In doing so he felt that he stood in a somewhat
new situation. Whoever had been called
upon to propose the health of his Hon. Friend to
whom he alluded, some time ago, would have found
himself enabled, from the mystery in which certain
matters were involved, to gratify himself and his
auditors by allusions which found a responding
chord in their own feelings, and to deal in the language,
the sincere language, of panegyric, without
intruding on the modesty of the great individual
to whom be referred. But it was no longer possible,
consistently with the respect to one's auditors,
to use upon this subject terms either of mystification,
or of obscure or indirect allusion.
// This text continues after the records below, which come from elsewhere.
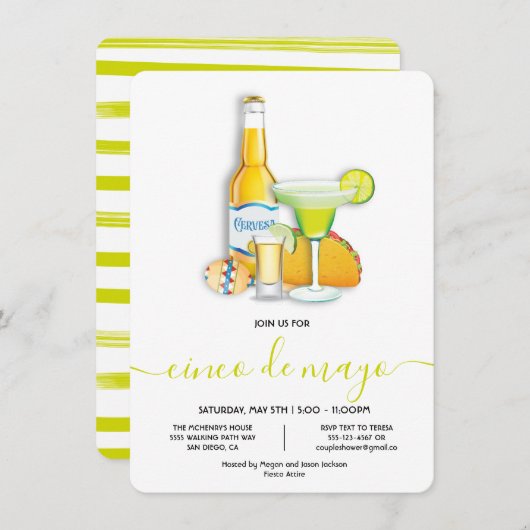 Tacos Tequila, Bier, Party Margarita Cinco de Mayo Einladung (Vorne/Hinten)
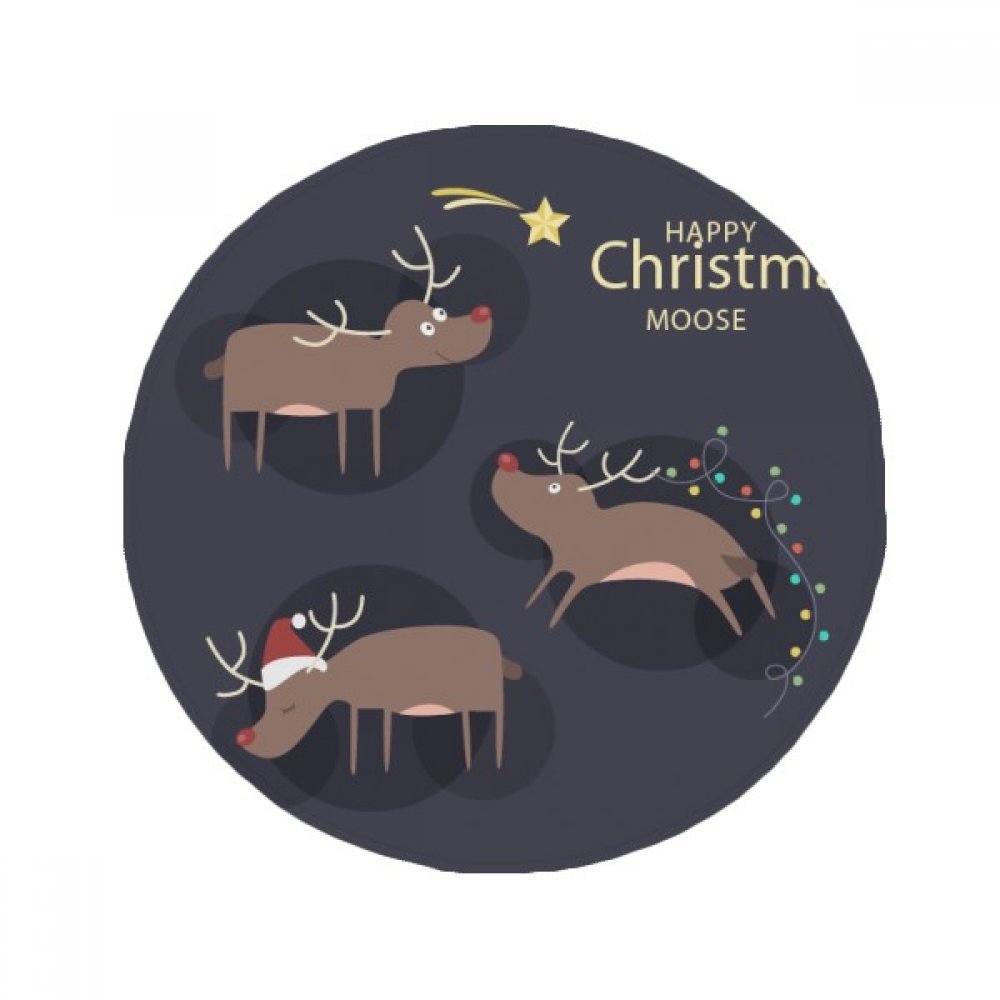 Tapis de sol renne Noël antidérapant rond 50cm pour cuisine et salon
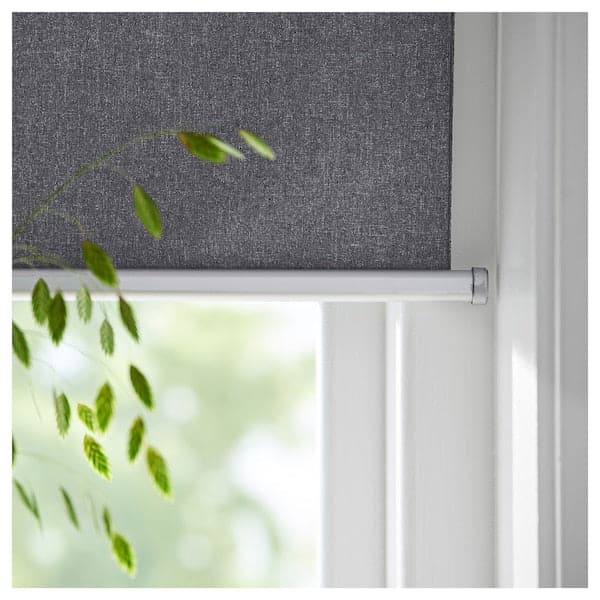 FYRTUR Blackout roller curtain - wireless/grey battery 80x195 cm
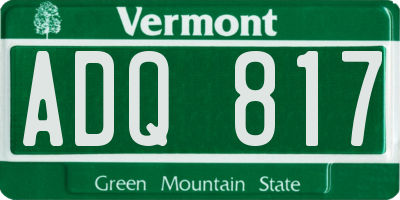 VT license plate ADQ817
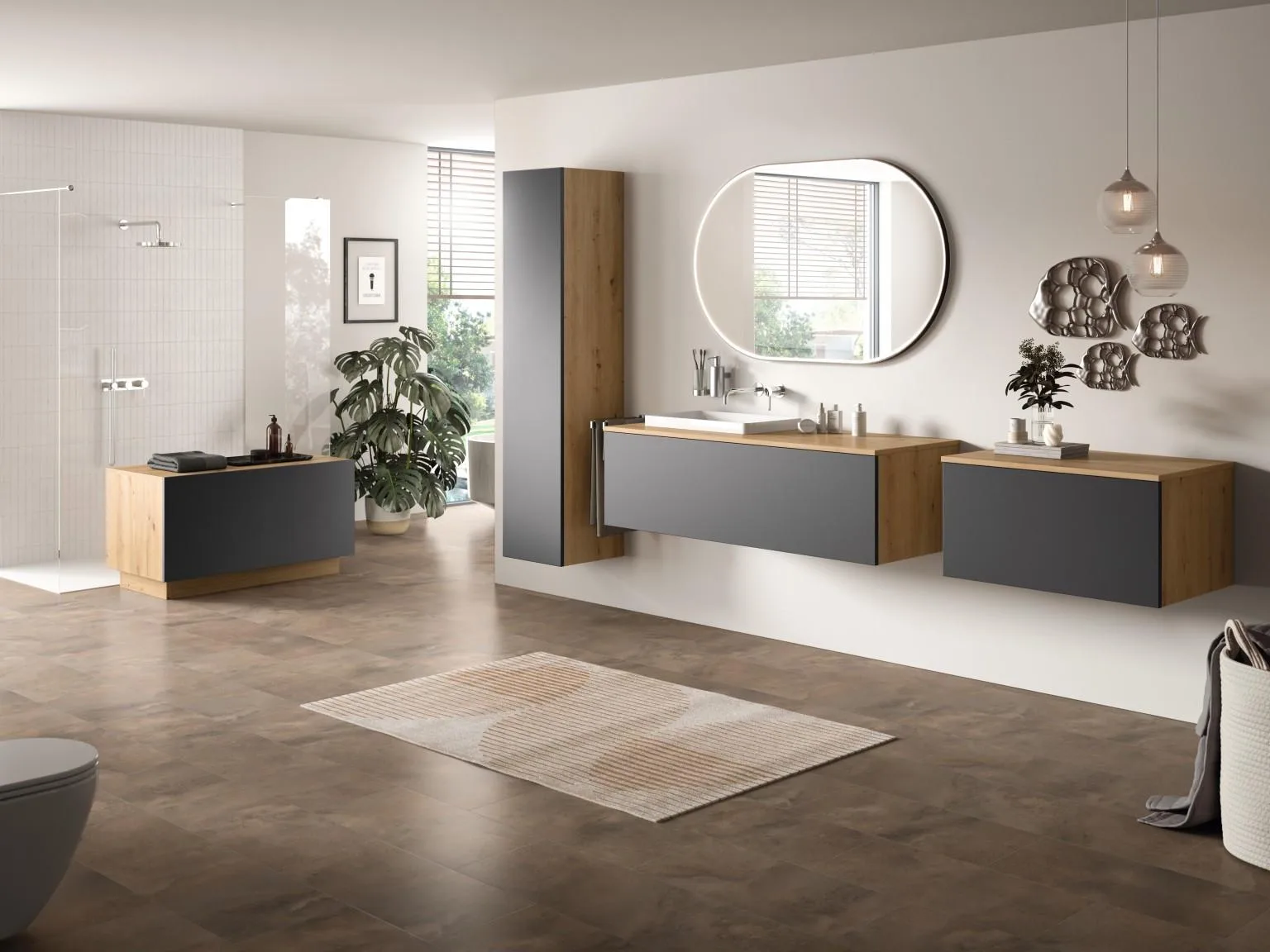Mobilier de baie în decorurile Egger H1318 și U963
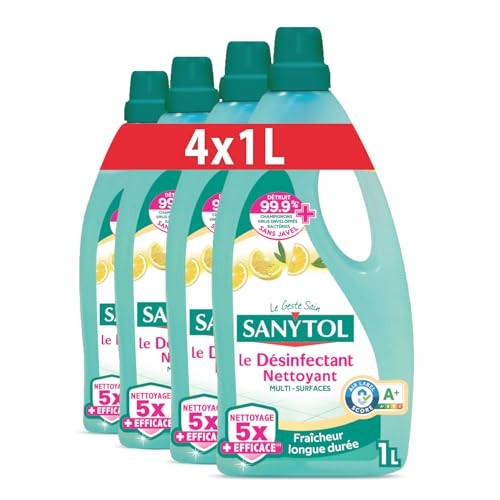 Sanytol Désinfectant Nettoyant Multi-Surfaces pour une Cuisine et Salle de Bain Saine Parfum Citron 1L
The
clouds have been dispelled---the _darkness visible_
has been cleared away---and the Great Unknown
---the minstrel of our native land---the mighty
magician who has rolled back the current of time,
and conjured up before our living senses the men
and the manners of days which have long passed
away, stands revealed to the hearts and the eyes of
his affectionate and admiring countrymen. If he
himself were capable of imagining all that belonged
to this mighty subject---were he even able to give
utterance to all that as a friend, as a man, and as
a Scotsman, he must feel regarding it, yet knowing,
as he well did, that this illustrious individual was
not more distinguished for his towering talents, than
for those feelings which rendered such allusions
ungrateful to himself, however sparingly introduced,
he would, on that account, still refrain from
doing that which would otherwise be no less
pleasing to him than to his audience.